Raised bed vegetable garden soil soil needs to be replenished periodically. If you’ve done your job right and selected great soil, and amended it with nice compost, you’re going to have super garden soil for the first few years. Because you don’t walk on a raised bed garden the way that you do with typical garden beds, the soil stays light and fluffy. Plants love it.
After a while, though, you’ve got to replenish the soil. Plants do take up nutrients, so the soil begins to lose fertility over time. In my own garden, I lose some soil each gardening season as I harvest vegetables such as carrots, potatoes and others that you pull up completely. No matter how I shake the veggies out, some of the soil sticks to the roots.
Raised Bed Garden Soil Amendments
Now that my raised beds are about seven years old, it’s time to get serious about soil. I was disappointed last year with some of our vegetable harvest, especially the peppers. This year, I’m taking a few steps to replenish the soil:
- Mushroom compost: Mushroom compost is rich composted blend of growing media used in the mushroom farming industry. It’s composted hay, straw, horse stall bedding, manure, cocoa shells, gypsum and peat moss. The gypsum adds lime to the mixture, which is excellent for our acidic soils. Mushroom compost improves soil structure, adds nutrients, and balances soil pH. For more information on mushroom compost, see Mushroom Compost.

- Garden compost: Garden compost is the gold standard for soil amendments. Composting is easy to do. You can compost grass clippings, autumn leaves, and kitchen vegetable and fruit scraps. I have a full guide to creating a compost pile and composting system.

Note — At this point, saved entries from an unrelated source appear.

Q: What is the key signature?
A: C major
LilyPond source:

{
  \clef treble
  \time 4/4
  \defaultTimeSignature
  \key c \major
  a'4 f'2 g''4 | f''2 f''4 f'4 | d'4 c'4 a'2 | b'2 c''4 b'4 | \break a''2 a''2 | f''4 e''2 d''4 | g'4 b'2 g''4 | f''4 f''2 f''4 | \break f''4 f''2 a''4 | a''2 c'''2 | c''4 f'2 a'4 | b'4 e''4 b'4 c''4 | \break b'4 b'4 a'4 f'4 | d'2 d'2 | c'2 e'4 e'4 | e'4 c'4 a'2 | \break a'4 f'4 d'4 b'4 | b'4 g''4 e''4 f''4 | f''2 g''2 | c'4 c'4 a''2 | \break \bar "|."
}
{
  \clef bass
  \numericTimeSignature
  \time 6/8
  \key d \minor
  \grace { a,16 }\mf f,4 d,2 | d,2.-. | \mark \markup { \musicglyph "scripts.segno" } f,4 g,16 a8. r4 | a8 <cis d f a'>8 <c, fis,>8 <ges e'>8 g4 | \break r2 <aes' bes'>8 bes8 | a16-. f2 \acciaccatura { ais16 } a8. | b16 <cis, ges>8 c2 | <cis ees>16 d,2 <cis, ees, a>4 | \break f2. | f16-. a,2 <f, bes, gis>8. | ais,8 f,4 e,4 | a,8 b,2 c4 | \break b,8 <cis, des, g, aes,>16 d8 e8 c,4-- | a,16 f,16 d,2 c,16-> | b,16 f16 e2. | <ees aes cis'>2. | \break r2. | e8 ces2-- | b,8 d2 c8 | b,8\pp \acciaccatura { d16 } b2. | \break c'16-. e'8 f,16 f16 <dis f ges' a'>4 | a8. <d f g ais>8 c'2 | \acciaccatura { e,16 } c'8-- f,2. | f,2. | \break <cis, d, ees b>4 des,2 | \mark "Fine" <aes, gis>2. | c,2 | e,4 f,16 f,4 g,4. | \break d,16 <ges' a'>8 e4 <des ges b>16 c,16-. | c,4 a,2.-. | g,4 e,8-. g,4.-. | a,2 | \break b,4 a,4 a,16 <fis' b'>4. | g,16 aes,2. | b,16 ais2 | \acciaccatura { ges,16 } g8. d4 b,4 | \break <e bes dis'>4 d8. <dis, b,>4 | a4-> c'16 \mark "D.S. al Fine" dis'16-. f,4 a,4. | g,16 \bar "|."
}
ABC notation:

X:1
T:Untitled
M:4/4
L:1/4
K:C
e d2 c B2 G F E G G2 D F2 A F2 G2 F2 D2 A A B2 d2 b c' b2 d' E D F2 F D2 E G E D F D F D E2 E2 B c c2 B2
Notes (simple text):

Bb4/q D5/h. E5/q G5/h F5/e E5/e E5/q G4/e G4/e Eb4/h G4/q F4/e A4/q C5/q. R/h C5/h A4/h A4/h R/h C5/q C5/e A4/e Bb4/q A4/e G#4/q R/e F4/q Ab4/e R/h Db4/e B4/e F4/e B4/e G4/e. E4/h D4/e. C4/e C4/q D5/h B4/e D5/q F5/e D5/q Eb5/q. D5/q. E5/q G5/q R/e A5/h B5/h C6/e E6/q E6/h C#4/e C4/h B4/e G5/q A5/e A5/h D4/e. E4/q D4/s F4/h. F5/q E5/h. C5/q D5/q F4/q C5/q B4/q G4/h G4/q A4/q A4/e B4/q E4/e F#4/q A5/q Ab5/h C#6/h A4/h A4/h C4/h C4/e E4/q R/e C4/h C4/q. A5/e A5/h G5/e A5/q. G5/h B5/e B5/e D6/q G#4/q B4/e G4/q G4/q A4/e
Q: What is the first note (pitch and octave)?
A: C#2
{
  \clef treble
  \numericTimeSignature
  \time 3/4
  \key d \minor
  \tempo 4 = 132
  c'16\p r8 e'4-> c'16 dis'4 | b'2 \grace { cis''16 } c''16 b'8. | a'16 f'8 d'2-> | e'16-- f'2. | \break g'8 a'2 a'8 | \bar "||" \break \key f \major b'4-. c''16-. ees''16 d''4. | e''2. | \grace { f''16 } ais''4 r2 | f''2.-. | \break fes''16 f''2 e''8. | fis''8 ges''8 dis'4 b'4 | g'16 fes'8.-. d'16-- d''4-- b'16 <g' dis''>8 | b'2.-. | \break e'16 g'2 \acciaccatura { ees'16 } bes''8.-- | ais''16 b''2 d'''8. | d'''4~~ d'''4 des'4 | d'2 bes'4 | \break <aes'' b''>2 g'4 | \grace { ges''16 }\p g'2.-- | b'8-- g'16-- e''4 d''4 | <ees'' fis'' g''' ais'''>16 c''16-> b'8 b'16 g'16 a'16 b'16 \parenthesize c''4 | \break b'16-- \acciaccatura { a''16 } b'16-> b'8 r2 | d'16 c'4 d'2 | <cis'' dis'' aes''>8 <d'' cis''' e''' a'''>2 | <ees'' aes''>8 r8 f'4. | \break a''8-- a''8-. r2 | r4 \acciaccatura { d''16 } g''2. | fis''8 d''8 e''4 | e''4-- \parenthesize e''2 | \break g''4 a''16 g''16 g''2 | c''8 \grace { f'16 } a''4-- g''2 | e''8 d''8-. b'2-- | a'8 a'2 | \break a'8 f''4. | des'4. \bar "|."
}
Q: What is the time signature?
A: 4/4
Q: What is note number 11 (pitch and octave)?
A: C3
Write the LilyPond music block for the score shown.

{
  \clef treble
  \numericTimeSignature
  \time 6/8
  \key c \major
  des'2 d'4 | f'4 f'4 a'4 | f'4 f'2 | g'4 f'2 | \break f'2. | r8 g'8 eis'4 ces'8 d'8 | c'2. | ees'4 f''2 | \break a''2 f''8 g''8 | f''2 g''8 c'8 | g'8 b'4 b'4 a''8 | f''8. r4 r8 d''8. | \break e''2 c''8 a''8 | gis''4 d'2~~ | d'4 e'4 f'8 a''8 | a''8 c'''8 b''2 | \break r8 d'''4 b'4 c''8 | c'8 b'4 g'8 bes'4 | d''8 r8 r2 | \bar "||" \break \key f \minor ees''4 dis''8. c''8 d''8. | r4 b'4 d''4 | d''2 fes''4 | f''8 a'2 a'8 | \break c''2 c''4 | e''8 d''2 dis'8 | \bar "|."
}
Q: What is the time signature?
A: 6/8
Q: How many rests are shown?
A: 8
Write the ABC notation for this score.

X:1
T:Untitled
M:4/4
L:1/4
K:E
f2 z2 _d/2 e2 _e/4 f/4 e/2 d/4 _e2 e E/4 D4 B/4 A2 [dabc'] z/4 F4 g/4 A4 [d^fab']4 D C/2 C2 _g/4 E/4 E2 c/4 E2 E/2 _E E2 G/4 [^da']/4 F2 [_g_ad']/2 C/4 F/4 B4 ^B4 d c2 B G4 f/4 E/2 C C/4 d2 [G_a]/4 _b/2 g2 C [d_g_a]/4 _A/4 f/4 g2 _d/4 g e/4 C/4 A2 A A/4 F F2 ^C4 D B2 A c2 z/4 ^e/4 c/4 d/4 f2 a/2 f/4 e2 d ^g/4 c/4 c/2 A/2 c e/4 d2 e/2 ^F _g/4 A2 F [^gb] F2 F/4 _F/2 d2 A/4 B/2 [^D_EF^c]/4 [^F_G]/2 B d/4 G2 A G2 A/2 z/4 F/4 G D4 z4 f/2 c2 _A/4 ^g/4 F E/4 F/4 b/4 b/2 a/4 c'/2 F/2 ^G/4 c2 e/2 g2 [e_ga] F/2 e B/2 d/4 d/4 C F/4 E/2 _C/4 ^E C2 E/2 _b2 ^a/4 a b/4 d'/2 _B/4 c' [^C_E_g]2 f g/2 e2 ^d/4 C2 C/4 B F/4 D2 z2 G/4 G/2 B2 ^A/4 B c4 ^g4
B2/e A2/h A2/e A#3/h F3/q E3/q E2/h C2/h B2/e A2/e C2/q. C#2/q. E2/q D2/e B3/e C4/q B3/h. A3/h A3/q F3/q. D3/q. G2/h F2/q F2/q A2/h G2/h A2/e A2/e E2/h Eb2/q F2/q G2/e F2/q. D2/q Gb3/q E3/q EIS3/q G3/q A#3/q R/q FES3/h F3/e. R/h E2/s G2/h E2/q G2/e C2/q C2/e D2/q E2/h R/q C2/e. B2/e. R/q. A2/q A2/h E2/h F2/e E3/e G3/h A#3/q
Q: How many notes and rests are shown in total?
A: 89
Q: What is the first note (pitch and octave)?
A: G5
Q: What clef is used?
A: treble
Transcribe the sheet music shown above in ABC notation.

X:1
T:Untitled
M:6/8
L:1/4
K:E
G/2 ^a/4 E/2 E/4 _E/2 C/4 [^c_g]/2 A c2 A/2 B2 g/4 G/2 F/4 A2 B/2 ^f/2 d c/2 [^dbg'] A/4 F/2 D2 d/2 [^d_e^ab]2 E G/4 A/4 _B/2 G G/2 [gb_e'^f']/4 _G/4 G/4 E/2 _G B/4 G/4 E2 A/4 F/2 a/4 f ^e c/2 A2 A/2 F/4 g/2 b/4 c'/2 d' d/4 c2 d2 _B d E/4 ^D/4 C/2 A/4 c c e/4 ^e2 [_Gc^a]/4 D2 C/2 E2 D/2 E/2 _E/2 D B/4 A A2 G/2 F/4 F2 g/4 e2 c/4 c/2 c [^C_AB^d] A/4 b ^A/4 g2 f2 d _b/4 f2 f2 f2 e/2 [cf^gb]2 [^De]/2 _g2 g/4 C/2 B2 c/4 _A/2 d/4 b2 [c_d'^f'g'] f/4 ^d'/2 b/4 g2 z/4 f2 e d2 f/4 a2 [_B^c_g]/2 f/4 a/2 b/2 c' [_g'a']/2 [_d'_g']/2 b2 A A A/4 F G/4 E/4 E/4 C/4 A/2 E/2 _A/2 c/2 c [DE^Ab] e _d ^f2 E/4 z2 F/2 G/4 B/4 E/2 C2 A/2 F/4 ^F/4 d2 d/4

- Crop rotation: For the past three or four years, I’ve always planted my tomatoes here, my peppers there. I realized that I had neglected to rotate my crops, a really big sin in the gardening world.I planned my garden this year to grow everything in different spots except for a few of the fixed crops so that the soil can be replenished a bit. Peas and beans both fix nitrogen into the soil, or make it bio-available for other plants, so I hope to plant beans and peas in the beds former occupied by tomatoes to rebuild the soil.